I personally don't want that to be China. Not because I think they'd do a bunch of crazy things but because I think they'd slowly and methodically subvert other countries just like they're doing in the South China Sea.
While I agree 1000% we need to minimize the USA military, we also need a plan for other (UN) countries to contribute to a shared force or something similar that can police in place of the USA military. Even in turn policing the USA in cases of military overstepping.
EDIT: What I'm saying is this article points to a problem, but it's complex. I imagine with UN oversight a military force might actually be less of a polluter and we might slow down arms races as well.
China is trying to steal territory from the Philippines, they arguably don't have the power to fight China. Without allies in the USA they'd have no recourse.
If every country was equal I'd agree with you, but they aren't, so we need protections for the smaller countries out there that get rolled over by the big countries.
Edit: Ideally we wouldn't need a police force, and I don't use Police force to mean what the US is doing in the middle east. I'm all about anti-interventionist policies. But I also don't want to see big governments roll over smaller ones, I think the UN is a good counter to that.
This is what I meant by South China Sea. https://www.google.com/url?sa=t&rct=j&q=&esrc=s&source=web&c... Hopefully that link resolves correclty.
Also, it's a bit unfair to say "US Military" as if it is a single unified organization. I would bet the US Navy specifically is the biggest offender.

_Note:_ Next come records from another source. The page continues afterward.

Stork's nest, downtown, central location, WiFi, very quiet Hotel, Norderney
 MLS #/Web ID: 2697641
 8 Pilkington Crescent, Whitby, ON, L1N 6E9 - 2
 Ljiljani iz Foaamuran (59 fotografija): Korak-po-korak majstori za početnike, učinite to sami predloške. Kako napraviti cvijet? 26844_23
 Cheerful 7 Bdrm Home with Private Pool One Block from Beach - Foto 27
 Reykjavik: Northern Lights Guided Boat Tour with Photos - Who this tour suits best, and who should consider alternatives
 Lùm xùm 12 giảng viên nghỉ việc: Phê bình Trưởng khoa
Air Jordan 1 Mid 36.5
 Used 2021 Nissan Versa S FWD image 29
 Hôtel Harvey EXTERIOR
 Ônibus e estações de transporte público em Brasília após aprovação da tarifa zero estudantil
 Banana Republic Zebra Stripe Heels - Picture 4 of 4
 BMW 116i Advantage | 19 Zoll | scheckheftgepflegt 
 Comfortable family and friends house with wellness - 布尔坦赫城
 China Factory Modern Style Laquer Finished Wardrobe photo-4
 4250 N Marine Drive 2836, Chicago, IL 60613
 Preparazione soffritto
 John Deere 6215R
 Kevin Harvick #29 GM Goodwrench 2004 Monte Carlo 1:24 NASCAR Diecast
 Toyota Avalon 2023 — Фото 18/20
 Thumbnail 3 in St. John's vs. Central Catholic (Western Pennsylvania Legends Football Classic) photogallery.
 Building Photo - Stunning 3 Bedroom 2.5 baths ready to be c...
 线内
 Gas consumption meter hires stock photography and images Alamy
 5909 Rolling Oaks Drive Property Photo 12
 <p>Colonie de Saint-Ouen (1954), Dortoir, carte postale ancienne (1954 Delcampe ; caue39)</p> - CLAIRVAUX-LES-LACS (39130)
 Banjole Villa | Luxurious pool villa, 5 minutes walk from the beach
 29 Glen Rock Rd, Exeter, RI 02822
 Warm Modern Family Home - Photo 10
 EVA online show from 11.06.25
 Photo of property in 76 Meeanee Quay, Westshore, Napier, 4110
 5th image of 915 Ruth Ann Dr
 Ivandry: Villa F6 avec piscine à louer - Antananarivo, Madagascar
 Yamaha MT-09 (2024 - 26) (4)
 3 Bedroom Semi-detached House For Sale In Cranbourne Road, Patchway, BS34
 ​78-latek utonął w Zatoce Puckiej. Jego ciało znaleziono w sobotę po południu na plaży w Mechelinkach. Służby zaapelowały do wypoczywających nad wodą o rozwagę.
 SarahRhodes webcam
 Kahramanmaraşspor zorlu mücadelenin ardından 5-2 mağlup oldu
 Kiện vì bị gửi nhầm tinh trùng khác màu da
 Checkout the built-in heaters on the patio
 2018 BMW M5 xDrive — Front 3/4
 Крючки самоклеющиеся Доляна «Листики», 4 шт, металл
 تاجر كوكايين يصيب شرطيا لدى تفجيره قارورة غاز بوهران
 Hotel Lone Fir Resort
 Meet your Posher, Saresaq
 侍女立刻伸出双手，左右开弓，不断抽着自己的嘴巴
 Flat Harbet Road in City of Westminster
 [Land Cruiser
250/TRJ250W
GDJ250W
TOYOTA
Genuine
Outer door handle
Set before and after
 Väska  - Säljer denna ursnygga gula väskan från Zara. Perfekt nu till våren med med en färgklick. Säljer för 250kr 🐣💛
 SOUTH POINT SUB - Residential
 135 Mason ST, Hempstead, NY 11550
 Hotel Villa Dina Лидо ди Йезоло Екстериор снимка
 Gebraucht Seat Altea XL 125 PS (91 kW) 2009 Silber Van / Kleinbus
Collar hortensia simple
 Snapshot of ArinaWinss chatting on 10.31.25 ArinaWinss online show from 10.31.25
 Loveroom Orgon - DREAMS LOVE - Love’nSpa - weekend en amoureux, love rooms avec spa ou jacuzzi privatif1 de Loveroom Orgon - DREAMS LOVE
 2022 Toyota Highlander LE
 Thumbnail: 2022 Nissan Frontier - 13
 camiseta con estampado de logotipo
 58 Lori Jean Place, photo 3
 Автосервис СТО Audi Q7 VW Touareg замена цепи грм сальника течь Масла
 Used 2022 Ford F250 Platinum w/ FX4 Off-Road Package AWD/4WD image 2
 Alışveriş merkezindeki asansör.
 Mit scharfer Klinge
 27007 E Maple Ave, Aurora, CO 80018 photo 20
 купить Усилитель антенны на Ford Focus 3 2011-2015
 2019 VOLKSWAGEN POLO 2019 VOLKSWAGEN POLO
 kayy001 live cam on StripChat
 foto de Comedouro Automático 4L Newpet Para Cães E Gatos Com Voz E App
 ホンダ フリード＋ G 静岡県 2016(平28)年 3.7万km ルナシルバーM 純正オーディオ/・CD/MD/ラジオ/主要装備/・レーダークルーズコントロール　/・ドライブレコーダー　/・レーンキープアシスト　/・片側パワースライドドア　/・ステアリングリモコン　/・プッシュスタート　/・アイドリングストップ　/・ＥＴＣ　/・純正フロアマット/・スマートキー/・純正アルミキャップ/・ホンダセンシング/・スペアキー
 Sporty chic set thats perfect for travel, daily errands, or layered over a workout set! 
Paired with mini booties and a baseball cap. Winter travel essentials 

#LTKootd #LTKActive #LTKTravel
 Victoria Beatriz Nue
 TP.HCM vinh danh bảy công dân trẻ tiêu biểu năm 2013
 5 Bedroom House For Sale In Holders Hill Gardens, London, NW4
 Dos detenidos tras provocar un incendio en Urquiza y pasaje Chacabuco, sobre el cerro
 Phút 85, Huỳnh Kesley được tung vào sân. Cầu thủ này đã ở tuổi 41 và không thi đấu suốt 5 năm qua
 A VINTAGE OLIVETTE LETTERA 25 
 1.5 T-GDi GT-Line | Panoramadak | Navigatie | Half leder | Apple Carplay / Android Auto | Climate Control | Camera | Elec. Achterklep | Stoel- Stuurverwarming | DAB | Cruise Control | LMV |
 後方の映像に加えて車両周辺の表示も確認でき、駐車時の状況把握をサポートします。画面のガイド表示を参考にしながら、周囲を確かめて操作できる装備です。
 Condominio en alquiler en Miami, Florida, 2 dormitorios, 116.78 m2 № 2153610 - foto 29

I bet "US Military" is smaller than "China Factories" though.
"U.S. military action there has resulted in the desertification of 90 percent of Iraqi territory, crippling the country's agricultural industry and forcing it to import more than 80 percent of its food"
I can't find any citations in the source - most of the places I am looking talk about the destruction of irrigation systems at the hand of the Iraqi state. So at best the military is only partly responsible.
* The uranium mines mentioned belonged to the DOE.
* The link purportedly explaining why we caused desertification in Iraq carries no sources explaining this, other than a vague mention of US military policies (which in most cases are civilian political policies).
* The article in language is saying the military is currently the worlds biggest polluter, while mostly touching on issues from the cold war, before there were environmental rules of note.
This doesn't even touch on the absolute environmental devastation that the Soviet system left too.
In General the Military-Industrial complex is dirty, and left in its wake over the 40 years of the cold war, an environmental mess than will take 80 years to clean up, but that doesn't make any military currently the worlds largest anything, except possibly a waste of money.
https://www.nrdc.org/experts/christian-stirling-haig/budget-...
https://www.energydigital.com/renewable-energy/us-military-w...
https://www.greentechmedia.com/articles/read/for-the-u-s-mil...
I'm not saying there isn't a long way to go, but they're definitely aware of the problem.